Richard Dury (University of Bergamo)

Posted on Friday, March 5th, 2010

‘Stevenson’s Essays on Japanese Topics’

Some affinities can be seen between the mind-style of RLS and the typically Japanese world-view. Blythe’s 1942 Zen and English Literature uses examples from Stevenson’s Fables in his first chapter to explain the meaning of Zen; it was in a modern classic of Japanese literature, I Am a Cat (1903), that we find one of the earliest allusions to Stevenson in a work of fiction, and Atushi Nakajima’s Light, Wind and Dreams (1942) shows an identification of the author with RLS vis-à-vis his attitude towards the peoples of the Pacific. Confining our attention to Japanese prints, we can see a similar affinity of aesthetic in the predilection for pattern and the delight in stylisation and non-realistic representation.

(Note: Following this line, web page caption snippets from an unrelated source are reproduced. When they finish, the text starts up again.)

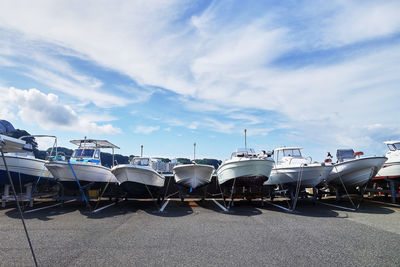 Row of boat against sky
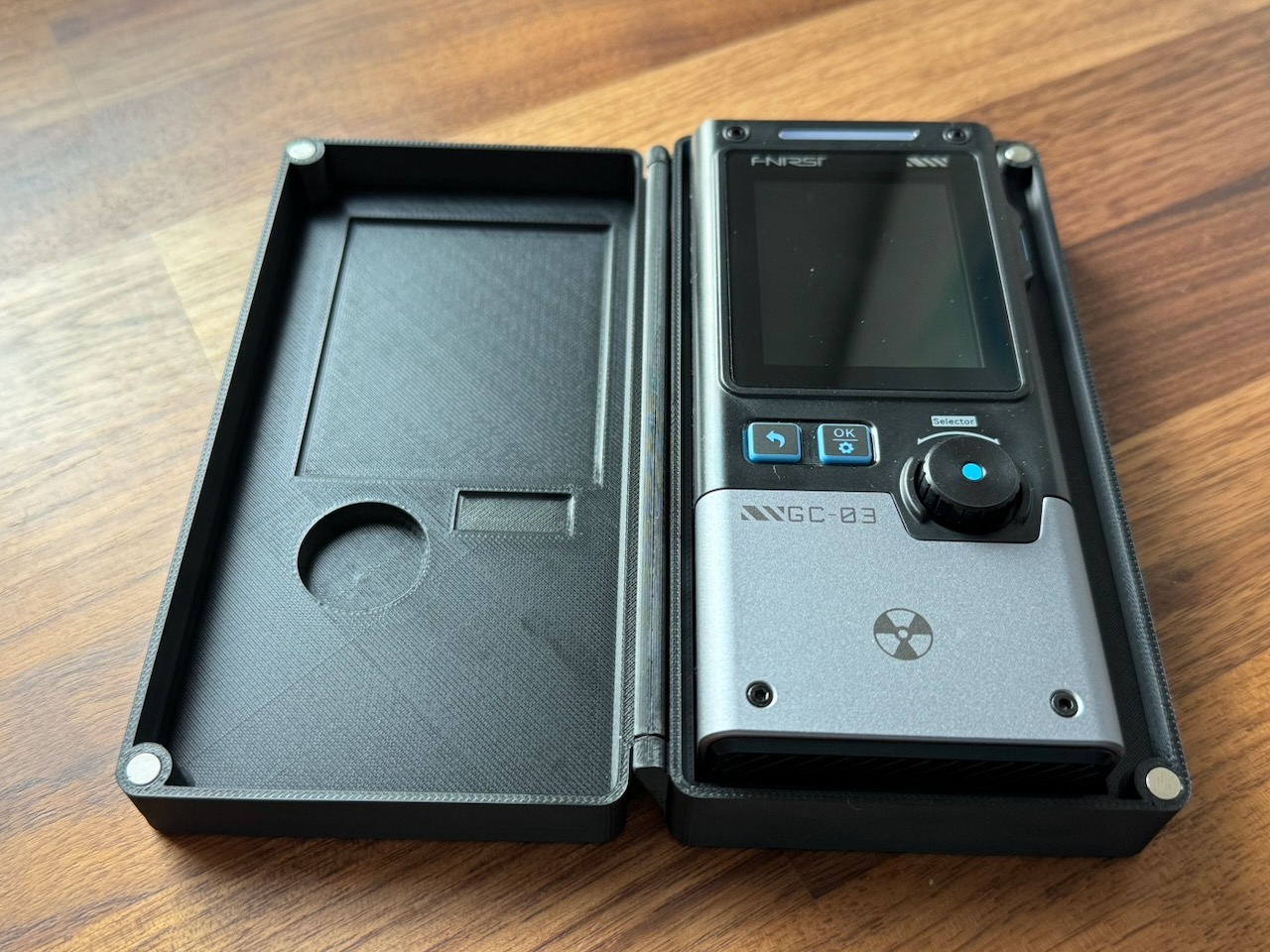 Fnirsi GC-03 radiation detector storage box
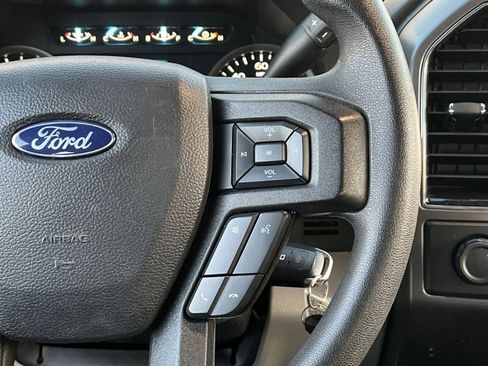 Used 2019 Ford F150 XLT image 32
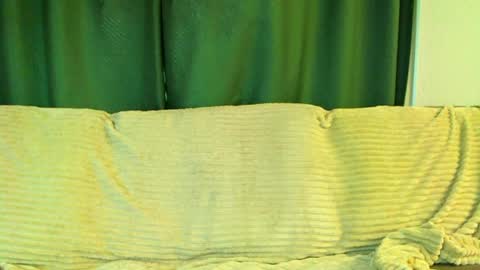 Cute face online show from April 5, 3:27 am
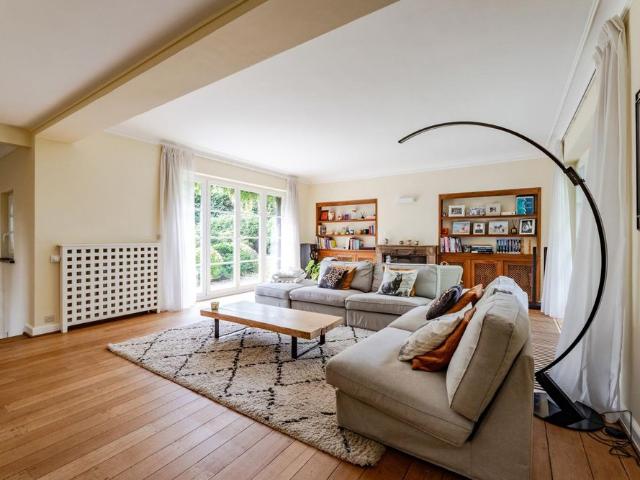 Quartier Baron d'Huart proche de Place Dumont, villa 5CH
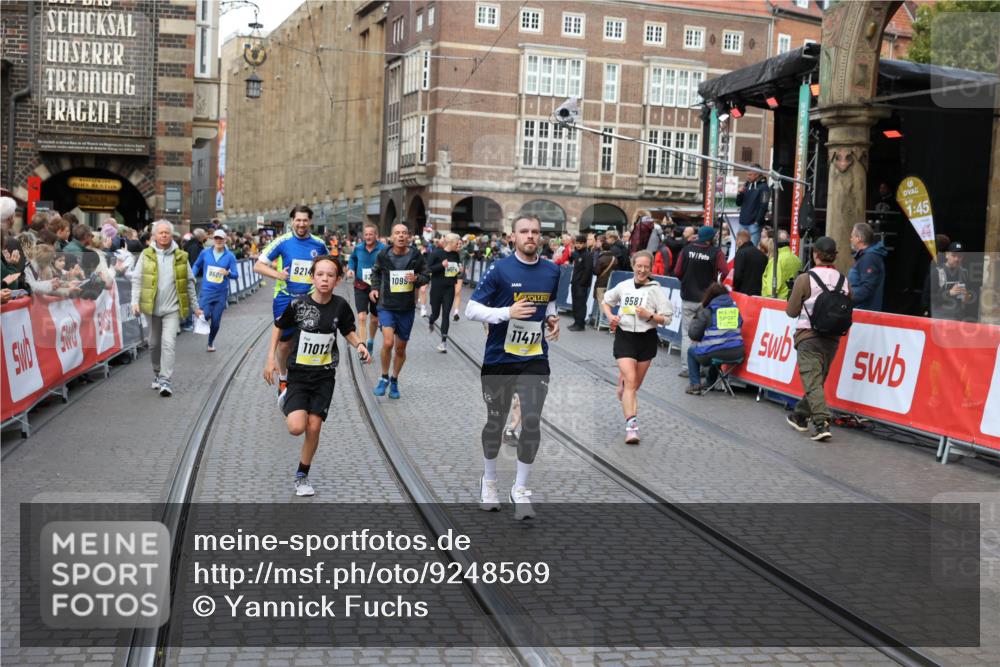 05.10.2025 - 20. swb-Marathon Bremen Yannick Fuchs http://msf.ph/oto/9248569 05.10.2025 10:52:52 Ziel 9209, 9214, 9517, 9581, 10833, 11012, 11382, 11417, 11587 meine-sportfotos.de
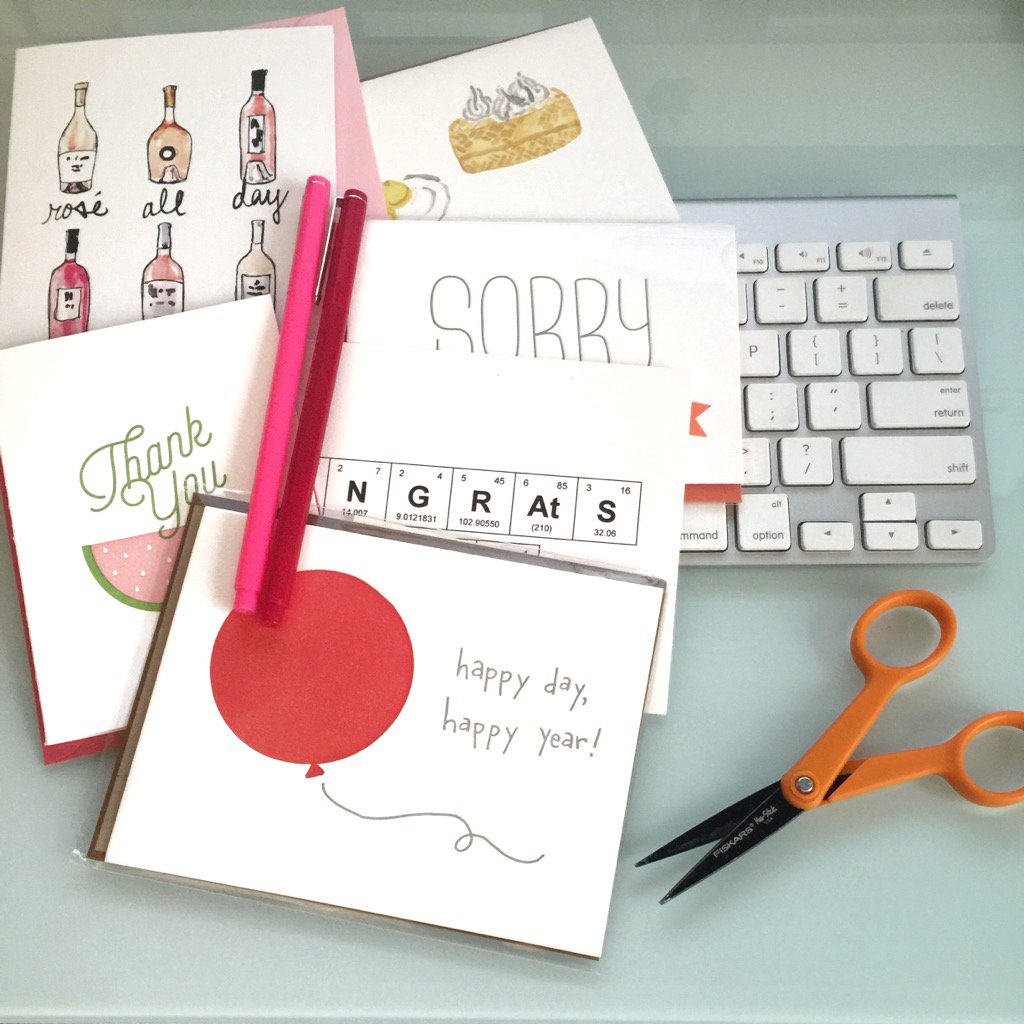 Carde_Blanche's tweet photo. What's inside our boxes? Four different cards and colored pen. Try it. https://t.co/v5YEDyQway https://t.co/ZI4hHFntSZ
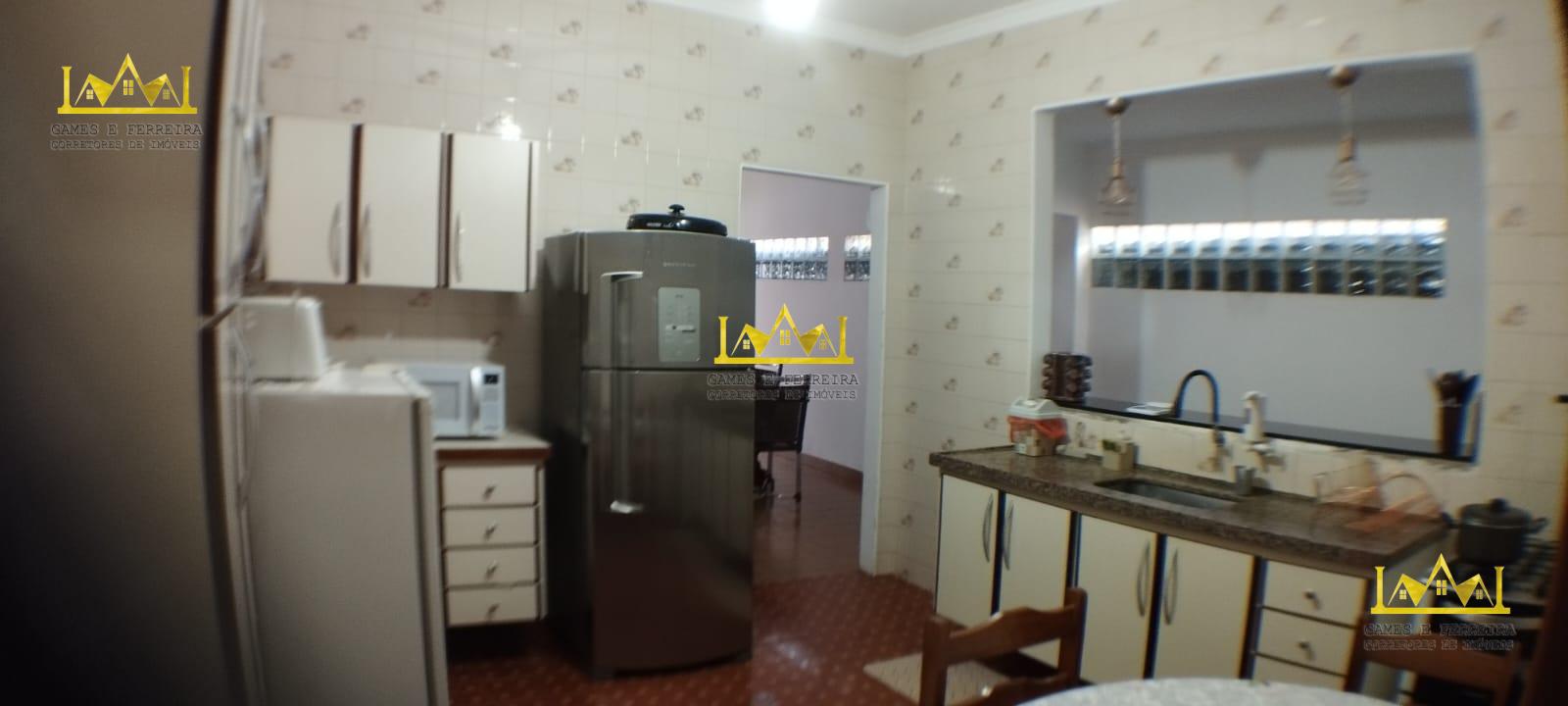 Casa a venda no município de Américo de Campos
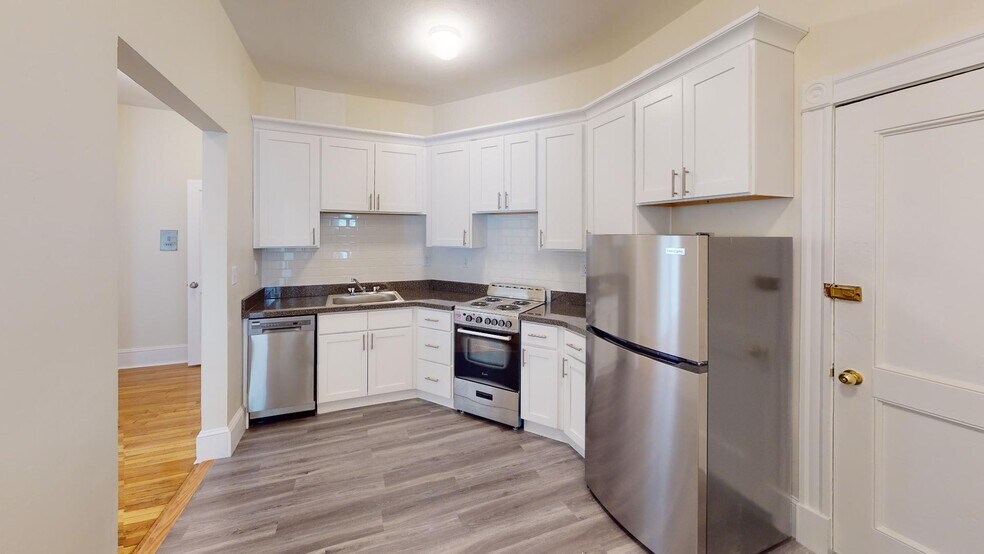 Building Photo - 1595 Beacon St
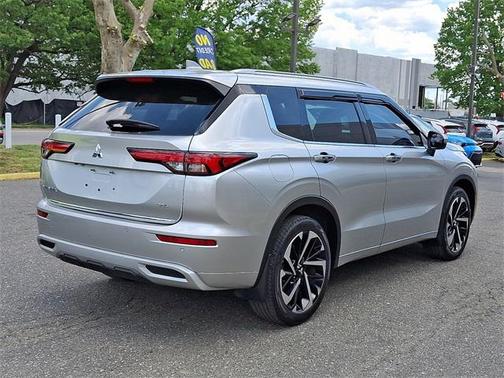 2022 Mitsubishi Outlander SEL 2.5 2WD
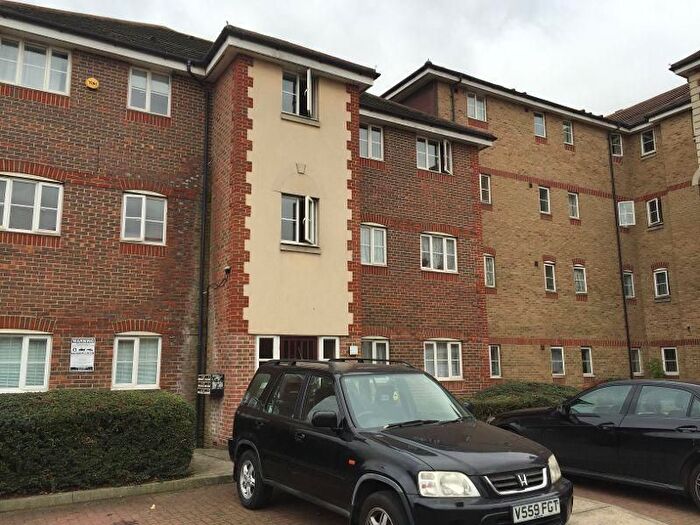 2 Bedroom Flat To Rent In Stern Close, Barking, IG11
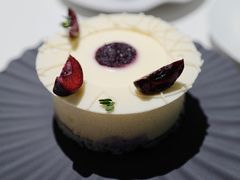 -潮一不贰·法式甜品·生日蛋糕·西式简餐(外滩店)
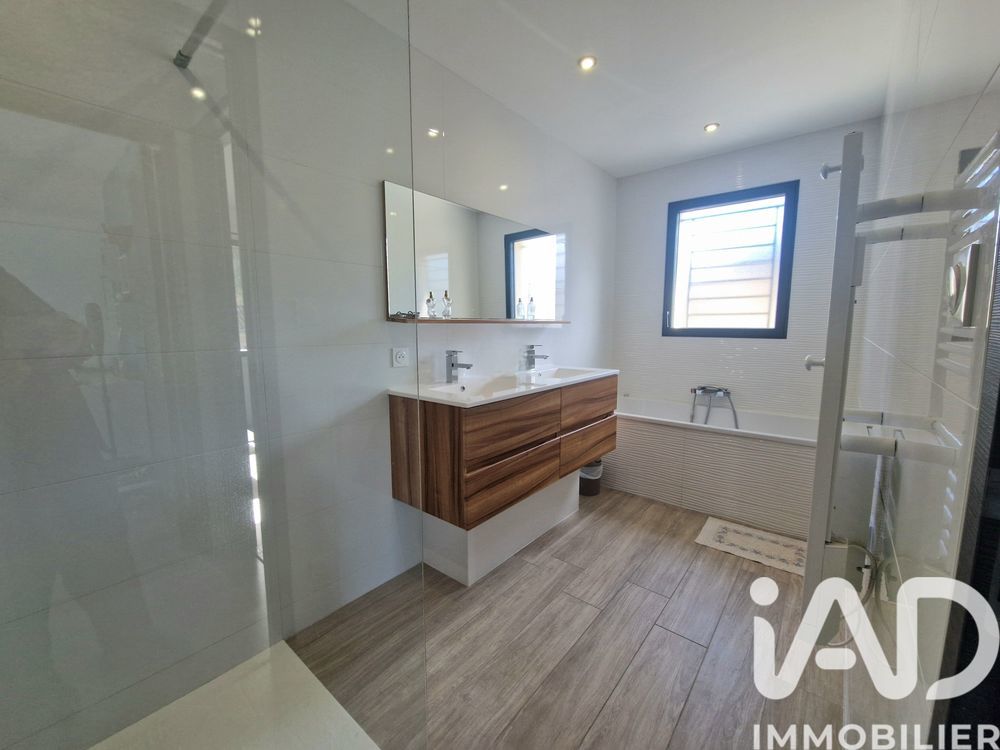 � vendre  Villa Saint-Geni�s-de-Comolas (30150)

My study will, however, be dedicated to the two essays that Stevenson wrote on Japanese topics (‘Yoshida-Torajiro’, 1880, and ‘Byways of Book Illustration: Two Japanese Romances’, 1882). I will trace his interest in Japanese art from 1874 when he first had the opportunity to study Japanese prints, through to the purchase of a set of Hokusai prints with the money earned from Treasure Island in 1883.

Principal focus of the study will be on the content of the magazines in which Stevenson published his essays in the period 1874-84 to see how frequently Japanese art was discussed and by whom. So far I have found two articles by Henley on Hokusai and on Japanese ceramics from the Magazine of Art in the early 1880s. It will be interesting to see the intellectual context for Stevenson’s interest and the extent to which his interest coincided with interests of his literary network.